##### SUPPLIED DATA #####

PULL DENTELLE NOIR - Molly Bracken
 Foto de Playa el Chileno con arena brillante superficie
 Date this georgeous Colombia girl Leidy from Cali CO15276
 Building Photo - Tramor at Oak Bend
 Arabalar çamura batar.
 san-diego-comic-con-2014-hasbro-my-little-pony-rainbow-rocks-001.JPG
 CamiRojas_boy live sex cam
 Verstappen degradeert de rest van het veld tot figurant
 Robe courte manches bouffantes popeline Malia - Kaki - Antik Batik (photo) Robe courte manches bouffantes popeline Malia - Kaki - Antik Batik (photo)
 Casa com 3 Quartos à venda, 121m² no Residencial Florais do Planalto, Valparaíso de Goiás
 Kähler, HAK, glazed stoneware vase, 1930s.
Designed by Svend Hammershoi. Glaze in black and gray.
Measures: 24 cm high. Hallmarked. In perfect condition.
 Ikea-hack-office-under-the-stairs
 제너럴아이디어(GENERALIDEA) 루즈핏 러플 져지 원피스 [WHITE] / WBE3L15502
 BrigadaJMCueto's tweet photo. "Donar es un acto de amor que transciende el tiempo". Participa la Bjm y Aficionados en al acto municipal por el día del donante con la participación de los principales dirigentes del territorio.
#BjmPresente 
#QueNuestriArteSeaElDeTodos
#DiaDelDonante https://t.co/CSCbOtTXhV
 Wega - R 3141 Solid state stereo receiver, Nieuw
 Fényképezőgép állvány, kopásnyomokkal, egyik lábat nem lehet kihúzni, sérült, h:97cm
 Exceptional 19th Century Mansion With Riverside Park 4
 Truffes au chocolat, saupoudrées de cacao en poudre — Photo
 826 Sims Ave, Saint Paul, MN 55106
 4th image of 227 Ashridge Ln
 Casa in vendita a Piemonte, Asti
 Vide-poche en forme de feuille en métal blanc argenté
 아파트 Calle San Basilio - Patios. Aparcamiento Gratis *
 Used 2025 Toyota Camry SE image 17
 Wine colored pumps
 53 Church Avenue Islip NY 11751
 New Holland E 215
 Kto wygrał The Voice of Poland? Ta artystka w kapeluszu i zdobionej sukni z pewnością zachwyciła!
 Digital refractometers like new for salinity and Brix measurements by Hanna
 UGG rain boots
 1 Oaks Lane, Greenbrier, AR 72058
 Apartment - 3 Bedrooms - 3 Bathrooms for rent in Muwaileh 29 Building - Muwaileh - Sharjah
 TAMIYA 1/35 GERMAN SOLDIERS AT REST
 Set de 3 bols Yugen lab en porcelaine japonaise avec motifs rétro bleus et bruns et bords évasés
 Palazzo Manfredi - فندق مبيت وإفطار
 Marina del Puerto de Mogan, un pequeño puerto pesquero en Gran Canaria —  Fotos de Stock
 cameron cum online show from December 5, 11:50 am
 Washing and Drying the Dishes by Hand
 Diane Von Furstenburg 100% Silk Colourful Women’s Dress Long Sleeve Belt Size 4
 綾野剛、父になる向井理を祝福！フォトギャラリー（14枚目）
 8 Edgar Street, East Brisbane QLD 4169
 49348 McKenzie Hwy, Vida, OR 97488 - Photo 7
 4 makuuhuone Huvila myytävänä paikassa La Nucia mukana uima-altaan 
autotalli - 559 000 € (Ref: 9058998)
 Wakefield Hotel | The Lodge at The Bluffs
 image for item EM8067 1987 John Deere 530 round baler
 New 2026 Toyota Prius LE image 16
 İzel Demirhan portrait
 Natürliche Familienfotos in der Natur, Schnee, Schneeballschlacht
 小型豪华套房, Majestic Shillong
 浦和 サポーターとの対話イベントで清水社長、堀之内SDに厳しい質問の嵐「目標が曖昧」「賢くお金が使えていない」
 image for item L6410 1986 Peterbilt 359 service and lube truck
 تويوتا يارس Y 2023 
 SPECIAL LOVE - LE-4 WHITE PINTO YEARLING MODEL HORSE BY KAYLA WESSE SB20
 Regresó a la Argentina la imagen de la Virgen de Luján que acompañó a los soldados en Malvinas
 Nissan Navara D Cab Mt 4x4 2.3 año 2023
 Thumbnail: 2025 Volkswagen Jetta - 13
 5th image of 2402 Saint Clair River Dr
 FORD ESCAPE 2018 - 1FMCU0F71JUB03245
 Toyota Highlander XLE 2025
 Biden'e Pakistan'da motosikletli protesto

#####

* TRY IT *
Select every line in the material above where the string "WHITE" occurs, and copy it.

* ANSWER SPACE *
 제너럴아이디어(GENERALIDEA) 루즈핏 러플 져지 원피스 [WHITE] / WBE3L15502
 SPECIAL LOVE - LE-4 WHITE PINTO YEARLING MODEL HORSE BY KAYLA WESSE SB20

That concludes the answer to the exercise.